Holy shit what: I KNOW RIGHT



ADDITIONAL GOOD EXAMPLES (submitted by replies, links to their post)

Hinawa (Mother 3)
While Hinawa would commonly be thought of as a dead mother, (given that Lucas is the main character) Mother 3's shifting perspectives means that her death is broken to you while you play as her husband, Flint. It's actually a rather heartbreaking scene.
Death importance: Her death also leads to the seeming death of her son Claus, which are the twin tragedies that mark the beginning of Tazmily Village and the Nowhere Islands' descent and the shattering of their innocence.

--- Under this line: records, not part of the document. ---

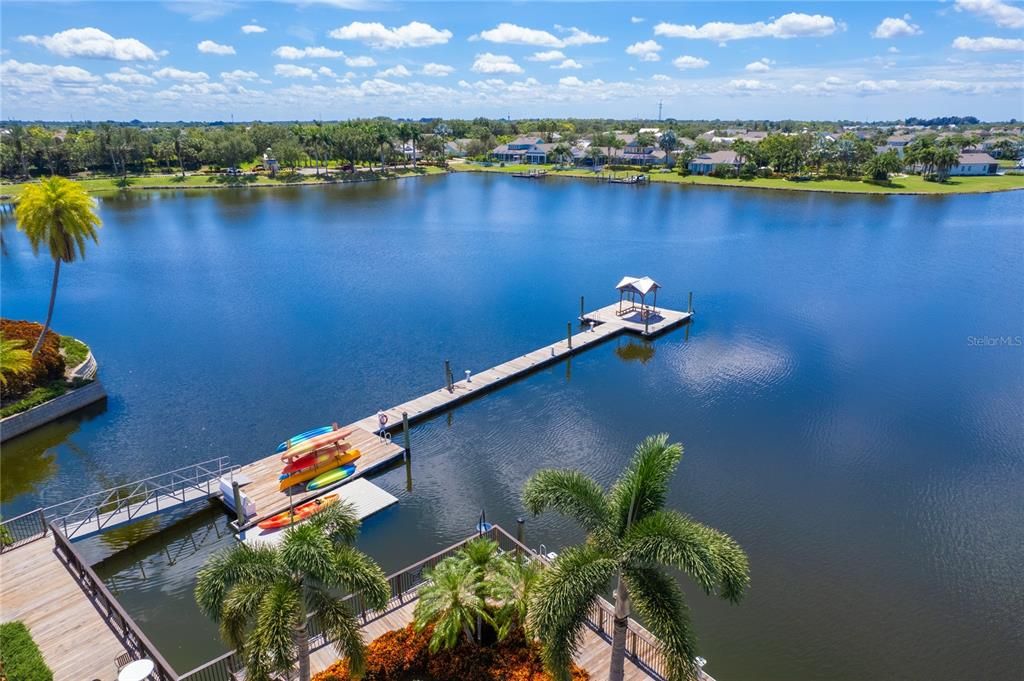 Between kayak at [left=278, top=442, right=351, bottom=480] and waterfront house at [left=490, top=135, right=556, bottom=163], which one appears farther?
waterfront house at [left=490, top=135, right=556, bottom=163]

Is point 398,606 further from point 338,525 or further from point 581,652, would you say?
point 581,652

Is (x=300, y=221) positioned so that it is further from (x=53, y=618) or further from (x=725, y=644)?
(x=725, y=644)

Nicole Brennan (Dead Space)
A doctor who worked aboard the USG Ishimura. Isaac, Nicole's boyfriend, is an engineer sent as part of a team to investigate a distress signal. Surprise! Alien zombies. Anyway, the "Nicole" whom Isaac sees throughout the story turns out to be a hallucination; the real one committed suicide some time ago to avoid infection by the necromorphs. DID U KNO GAMEZZZ: the first letter of every chapter spells out "Nicole is dead." You probably knew that!
Death importance: The game's major plot twist, and the main focus of the hallucinations that Isaac goes through in Dead Space 2.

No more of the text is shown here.